İsmail Tansu’nun Aslında Kimse Uyumuyordu adlı kitabı, birkaç yıl önce biraz ilgi uyandırmıştı. İsmail Tansu, Kıbrıslı Türklerin Rum milliyetçilerine karşı özsavunma örgütü olarak tasarlanan TMT’yi (Türk Mukavemet Teşkilatı) Türk Genelkurmayı bünyesinde örgütleyen subaylardandı. Kitabında, bir grup milliyetçi subay olarak, kendilerine verilen bu görev tanımının sınırlarını zorladıklarını, uygun şartlar hasıl olduğunda adayı ele geçirme emeline hizmet edebilecek bir örgüt kurmaya yöneldiklerini, kendi üstlerini ve hükümeti de buna ikna etmeyi başardıklarını anlatır.

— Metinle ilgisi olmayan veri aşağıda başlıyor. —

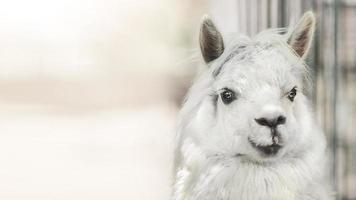 Banner with funny white alpaca llama on beige background with sunlight photo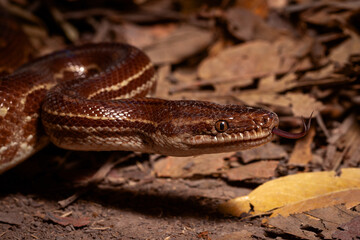 rainbow boa on the ground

‘Derin devlet’ işleyişiyle ilgili hayli zihin açıcı olan kitapta, Denktaş’ın bu emele uygun lider adayı olarak nasıl seçildiği ve desteklendiği de anlatılır. İsmail Tansu, çok ‘hoş’ bir ifade kullanır anlatırken: Hedefe varmak için ‘yerli işbirlikçilere’ ihtiyaç duyulduğunu, Denktaş’ın da buna uygun olduğunu söyler. Sâfiyâne sarfediliveren ‘yerli işbirlikçi’ sözü, çok şey anlatmıyor mu bize? Kıbrıs adına biçilen ‘millî dava’nın, ‘yerli işbirlikçilere’ ihtiyaç gösterdiğine göre, ‘yerli olmayan’, demek ‘ora’ için ‘yabancı’ ya da ‘dışsal’ bir dava olduğunu düşündürmüyor mu?
Denktaş’ın ‘Kıbrıslı’ diye bir kimliği asla kabûl etmediğini, ‘Türk’ ve ‘Rum’dan başkasını tanımadığını, Kıbrıslı olarak sadece Kıbrıs eşeğinden bahsedilebileceğini söylediğini biliyoruz. Milliyetçiliğin, her insanı kendi yurdunda bir tür ‘işbirlikçi’ olmaya zorlayan ideolojisi böyledir işte: İnsanları, o insanların meselelerini, hayatları, doğayı görmez, hatta hor bakarsınız onlara. Sadece, bunlarla ilişkisi gitgide kesilen ‘millet’e ve milletlere takılı kalır bakışınız.